The Intel SSD 760p sports five capacities ranging between 128GB and 2TB in the M.2 form factor. The performance is a blistering 3,200 MB/s sequential read and 1,600 MB/s sequential write speeds. The random performance comes to 350,000 IOPS read and 280,000 IOPS write. This is in line with the Silicon Motion SM2262 controller we saw in the Adata suite, which used the XPG SX8200. The Adata version with the same controller uses overprovisioning that shrinks the user capacity. It looks like Intel will bring the 760p to market without heavy overprovisioning to give users more space to keep data.
The Intel 700p BGA SSD shows capacities between 128GB and 512GB. This is a little different from the 1TB BGA the company tried to slide by us last week in an official PDF catalog. At one time, Intel had a 600p BGA on a leaked roadmap, but it, as well as the 610p, never came to market. BGA SSDs are embedded in products like thin notebooks. They use multi-chip packaging to fit all of the components inside one small package. Intel could still build a 1TB BGA SSD by stacking sixteen next-generation 512Gbit die with the controller in the package.
Last but not least is the most interesting leak: In the middle of the chart is the Intel SSD 660p with 4-bit per cell (QLC) flash. The SSD 660p listing shows three capacities (512GB, 1TB and 2TB). The performance is much higher than we expected to see from QLC at right out of the gate. The leak says the 660p will achieve up to 1,800 MB/s sequential read and 1,100 sequential write speeds. The random performance clocks in at 150,000 IOPS for both reads and writes.
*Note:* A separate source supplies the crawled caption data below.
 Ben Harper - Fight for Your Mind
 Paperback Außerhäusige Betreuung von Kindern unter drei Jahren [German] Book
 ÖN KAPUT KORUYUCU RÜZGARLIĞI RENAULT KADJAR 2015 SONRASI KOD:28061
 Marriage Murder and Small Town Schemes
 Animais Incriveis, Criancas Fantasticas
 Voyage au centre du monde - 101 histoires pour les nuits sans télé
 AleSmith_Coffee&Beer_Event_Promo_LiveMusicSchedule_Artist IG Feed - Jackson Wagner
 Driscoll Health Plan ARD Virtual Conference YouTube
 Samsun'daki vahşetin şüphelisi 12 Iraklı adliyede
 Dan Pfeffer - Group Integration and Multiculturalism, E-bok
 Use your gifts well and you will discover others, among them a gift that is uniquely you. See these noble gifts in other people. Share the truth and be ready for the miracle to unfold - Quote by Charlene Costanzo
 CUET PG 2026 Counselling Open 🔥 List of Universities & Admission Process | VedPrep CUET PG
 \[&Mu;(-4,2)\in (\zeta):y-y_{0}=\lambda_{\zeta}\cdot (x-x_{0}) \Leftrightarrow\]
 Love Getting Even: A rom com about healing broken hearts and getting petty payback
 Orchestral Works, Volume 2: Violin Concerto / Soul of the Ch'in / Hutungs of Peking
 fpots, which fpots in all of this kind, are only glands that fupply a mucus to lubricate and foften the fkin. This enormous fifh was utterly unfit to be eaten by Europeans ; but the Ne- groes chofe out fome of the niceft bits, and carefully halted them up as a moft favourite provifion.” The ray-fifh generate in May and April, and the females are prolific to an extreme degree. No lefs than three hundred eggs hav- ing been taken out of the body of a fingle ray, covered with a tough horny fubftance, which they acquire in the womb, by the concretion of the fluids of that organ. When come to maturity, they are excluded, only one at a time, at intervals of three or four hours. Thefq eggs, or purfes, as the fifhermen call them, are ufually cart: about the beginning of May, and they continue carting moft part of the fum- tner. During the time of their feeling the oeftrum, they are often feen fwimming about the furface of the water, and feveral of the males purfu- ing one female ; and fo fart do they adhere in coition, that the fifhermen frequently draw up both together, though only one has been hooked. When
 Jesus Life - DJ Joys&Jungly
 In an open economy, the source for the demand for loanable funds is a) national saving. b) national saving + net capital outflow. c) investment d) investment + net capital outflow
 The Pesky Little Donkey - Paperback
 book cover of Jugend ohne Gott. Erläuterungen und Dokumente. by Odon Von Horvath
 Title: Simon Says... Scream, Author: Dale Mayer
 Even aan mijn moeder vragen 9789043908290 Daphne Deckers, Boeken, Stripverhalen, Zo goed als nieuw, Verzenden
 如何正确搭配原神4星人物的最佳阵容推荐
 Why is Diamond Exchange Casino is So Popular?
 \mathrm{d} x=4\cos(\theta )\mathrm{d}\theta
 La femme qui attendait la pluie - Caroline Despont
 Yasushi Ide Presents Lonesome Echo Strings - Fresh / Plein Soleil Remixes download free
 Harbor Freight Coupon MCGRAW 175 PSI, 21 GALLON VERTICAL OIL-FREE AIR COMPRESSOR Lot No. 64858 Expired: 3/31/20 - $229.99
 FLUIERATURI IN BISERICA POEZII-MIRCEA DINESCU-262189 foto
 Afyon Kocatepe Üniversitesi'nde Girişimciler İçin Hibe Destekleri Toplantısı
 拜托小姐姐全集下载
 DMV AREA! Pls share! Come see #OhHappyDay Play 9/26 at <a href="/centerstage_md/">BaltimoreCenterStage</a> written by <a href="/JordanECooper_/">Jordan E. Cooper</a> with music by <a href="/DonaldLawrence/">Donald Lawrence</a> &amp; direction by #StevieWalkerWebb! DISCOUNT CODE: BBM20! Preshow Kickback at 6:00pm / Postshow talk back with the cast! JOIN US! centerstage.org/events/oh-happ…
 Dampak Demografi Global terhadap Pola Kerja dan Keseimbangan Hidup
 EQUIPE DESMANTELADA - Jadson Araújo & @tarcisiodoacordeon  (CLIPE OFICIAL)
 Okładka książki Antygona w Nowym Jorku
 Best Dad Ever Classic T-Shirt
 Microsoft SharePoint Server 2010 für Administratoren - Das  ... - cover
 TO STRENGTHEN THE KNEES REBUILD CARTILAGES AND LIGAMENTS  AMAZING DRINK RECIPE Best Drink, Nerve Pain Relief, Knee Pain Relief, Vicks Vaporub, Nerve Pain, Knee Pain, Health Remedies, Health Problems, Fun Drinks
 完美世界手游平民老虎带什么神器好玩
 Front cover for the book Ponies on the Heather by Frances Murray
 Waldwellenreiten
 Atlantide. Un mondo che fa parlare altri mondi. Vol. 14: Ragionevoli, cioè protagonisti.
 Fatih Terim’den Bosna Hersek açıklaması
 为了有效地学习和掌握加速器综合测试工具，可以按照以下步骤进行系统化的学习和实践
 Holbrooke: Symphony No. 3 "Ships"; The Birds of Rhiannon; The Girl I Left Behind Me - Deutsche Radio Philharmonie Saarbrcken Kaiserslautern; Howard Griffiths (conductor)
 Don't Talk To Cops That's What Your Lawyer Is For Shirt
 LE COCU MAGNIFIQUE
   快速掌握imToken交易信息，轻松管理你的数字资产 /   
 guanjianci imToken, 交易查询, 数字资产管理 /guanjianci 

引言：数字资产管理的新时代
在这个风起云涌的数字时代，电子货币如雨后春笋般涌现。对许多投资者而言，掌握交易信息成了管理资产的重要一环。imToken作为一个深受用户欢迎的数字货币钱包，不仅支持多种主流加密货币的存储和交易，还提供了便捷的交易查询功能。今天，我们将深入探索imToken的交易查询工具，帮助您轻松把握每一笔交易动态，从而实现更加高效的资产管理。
QLC was a hot topic at CES last week, but only behind closed doors. No one wanted to go on the record, but we know IMFT (Intel Micron Flash Technology) has it ready for the most part. Companies are excited about the cost-cutting technology but need controllers to pair with it. One source told us to expect 512GB QLC SSDs for around $100.
The new Intel leaks don’t list realistic pricing. One site shows the Intel SSD 760p 512GB at 5900 Yuan, which is around $917 USD. After an exhaustive search, we did find some reliable pricing from U.S. reseller Tiger Direct. The company lists the SSD 760p 128GB for $87.99, but only the smallest capacity model came up in our search.